An Astronaut's Guide to Life on Earth
Colonel Chris Hadfield has spent decades training as an astronaut and has logged nearly 4,000 hours in space. During this time he has broken into a Space Station with a Swiss army knife, disposed of a live snake while piloting a plane, been temporarily blinded while clinging to the exterior of an orbiting spacecraft, and become a YouTube sensation with his performance of David Bowie's 'Space Oddity' in space. The secret to Chris Hadfield's success - and survival - is an unconventional philosophy he learned at NASA: prepare for the worst - and enjoy every moment of it.
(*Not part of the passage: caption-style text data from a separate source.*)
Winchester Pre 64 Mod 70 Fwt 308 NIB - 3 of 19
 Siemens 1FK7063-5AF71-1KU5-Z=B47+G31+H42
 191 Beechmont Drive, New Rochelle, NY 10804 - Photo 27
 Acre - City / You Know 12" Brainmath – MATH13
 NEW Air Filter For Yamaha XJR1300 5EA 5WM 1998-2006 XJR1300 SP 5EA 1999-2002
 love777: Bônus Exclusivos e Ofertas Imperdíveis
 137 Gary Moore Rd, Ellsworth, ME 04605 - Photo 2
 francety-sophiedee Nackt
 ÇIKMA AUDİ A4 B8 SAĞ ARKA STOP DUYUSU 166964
Reviewed on 27th January 2014
Chris Hadfield's biography - despite the title, that's how the book reads - tells the story of the astronaut's life from childhood up to returning to Earth after his stint commanding the International Space Station. It's a fascinating look into a profession that most of us can only dream about, and Hadfield manages to tell his story in an incredibly humble way.
As per the title, Hadfield frames his narrative around explaining various life lessons that he's based his own character on, and shows how these have benefited his personal life and career. He's quite candid about various aspects of both, and doesn't shirk away from telling in detail how the intricacies of space-station life work.
The most interesting things though are some of the anecdotes Hadfield tells about himself, particularly where things seem to be going wrong. He shows a real talent for building the narrative tension despite the reader knowing how things turn out.
The book shows Commander Hadfield as a real person rather than the internet celebrity that he's become, and it's a really interesting insight into his life and the workings of the world's space agencies. An awesome book that I'm really glad I read.